(Scraped caption text data)
--------

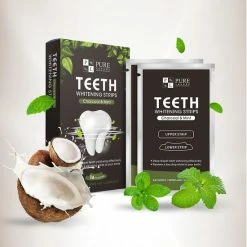 De Tanden Bleker - Pure Luxure - Professionele Tandenbleek Strips - 28 Strips - Teeth Whitening Strips - Wittere Tanden - Zonder Peroxide - Tanden Bleken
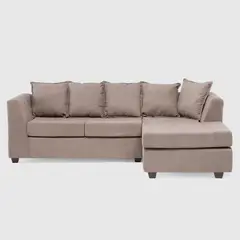 JDO & DESIGN - Sofá Seccional Derecho Tela Lara Velvet Taupe Mica
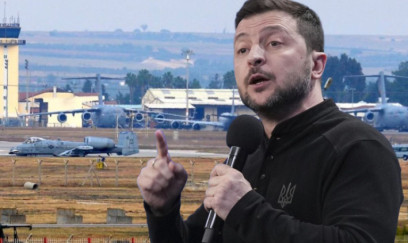 Zelenskidən  AÇIQLAMA: Rusiya İncirlik Hava Bazasını izləyir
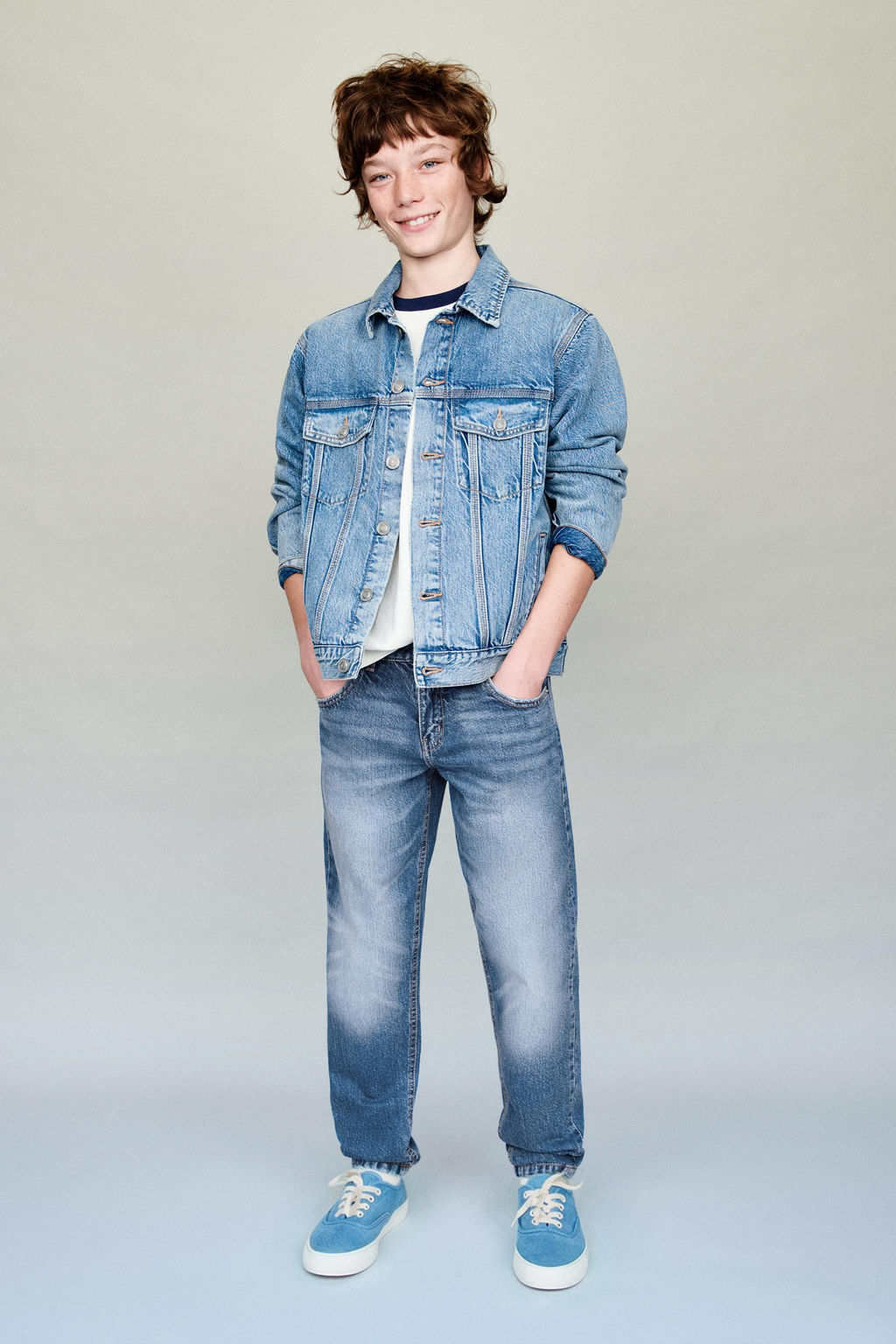 SLIM FIT JEANS - Zara фото 5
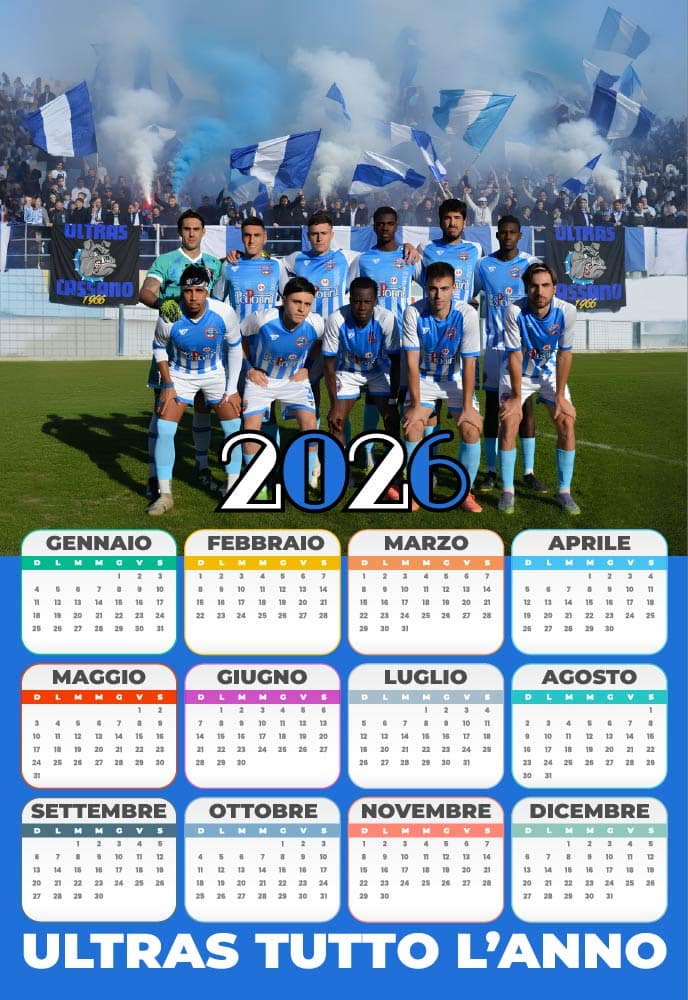 Calendario ultras cassano 2026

--------

[WORK ITEM] From the line that includes "SLIM FIT JEANS - Zara фото 5" on down to the last line of the entries above, set down each line exactly, leaving out the pictures.

[RESULT OF THIS EXERCISE]
 SLIM FIT JEANS - Zara фото 5
 Calendario ultras cassano 2026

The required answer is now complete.